大川泰一郎大学院連合農学研究科長の「日本農学賞」「読売農学賞」受賞が決定

2026年2月10日

大川泰一郎大学院連合農学研究科長の「日本農学賞」「読売農学賞」受賞が決定しました。

■受賞名
「日本農学賞」「読売農学賞」

■受賞概要
・受賞業績
「水稲の倒伏抵抗性に関わる強稈遺伝子の解明と品種改良への適用」

・受賞概要
 2026年2月7日(土)に、東京大学農学部で一般社団法人日本農学会の総会および2026年度日本農学賞の選考委員会が開催され、一般社団法人日本作物学会から推薦された大川泰一郎大学院連合農学研究科長(日本作物学会会長)の「水稲の倒伏抵抗性に関わる強稈遺伝子の解明と品種改良への適用」に対して、日本農学賞(Japan Prize of Agricultural Science )および読売農学賞(The Yomiuri Prize of Agricultural Science )授与が決まりました。選考委員会には、日本農学会に所属する全ての学会の代表が出席し、候補者の業績と推薦学会が選んだ発表者による業績説明を基に日本農学賞受賞者を投票で決定します。
 日本農学賞は、農学の発展に著しく貢献した研究者に毎年授与しているもので、1925年(大正14年)に「農学賞」(農学賞牌)として始まり、1942年(昭和17年)には「日本農学賞」と名前を変え、農学分野で最も権威が高い学術賞として今日まで続いています。また、読売農学賞は、1964年(昭和39年)より読売新聞社から授与されています。授賞式ならびに受賞者講演会は、4月5日(日)に東京大学で行われる予定です。

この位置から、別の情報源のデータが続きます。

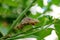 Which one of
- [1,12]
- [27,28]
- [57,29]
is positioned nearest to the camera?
[57,29]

 わが国では、米不足が大きな社会問題となり、食料自給率の向上、食料安全保障が課題となっています。気候変動は台風の大型化、ゲリラ豪雨の頻度を増し、倒伏による収量及び品質低下をもたらしています。気候変動に対して米生産を安定化していくためには、大型台風に強い倒伏抵抗性品種が求められています。「水稲の倒伏抵抗性に関わる強稈遺伝子の解明と品種改良への適用」に関わる研究では、半矮性遺伝子による短稈化とは異なる強稈化のアプローチで水稲の強稈性に関わる重要形質を解明し、さらにその遺伝子座と強稈遺伝子を世界で初めて同定しました。さらにこれらを集積し気候変動に強いレジリエントな倒伏抵抗性品種の改良に適用し、食用、飼料用、加工用など様々な用途の5品種を育成しています。これらの成果は多くの国際的な研究論文、レビューで引用され、アジア地域のイネ品種改良の戦略に大きなインパクトをもたらし、また国内の生産現場での実証、災害被災地での農業復興での実証研究に取り組むなど、社会実装においても顕著な実績をあげています。これらの業績により、日本農学賞及び読売農学賞の授与が決定しました。

 本学関係者からも、過去に多くの受賞者が出ています。過去約30年間ですと、1995年(平成7年)度に石原邦教授、2000年(平成12年)度に当時学長であった梶井功教授、2001年(平成13年)度に木平勇吉教授、2007年(平成19年)度に坂野好幸教授、2009年(平成21年)度に安倍浩教授、2015年(平成27年)度に矢ヶ崎一三教授、2016年(平成28年)度に安藤哲教授、2017年(平成29年)度に平沢正教授、2021年(令和3年)度に酒井憲司教授、2024年(令和6年)度に有江力理事、2025年(令和7年)度に船田良教授が受賞されています。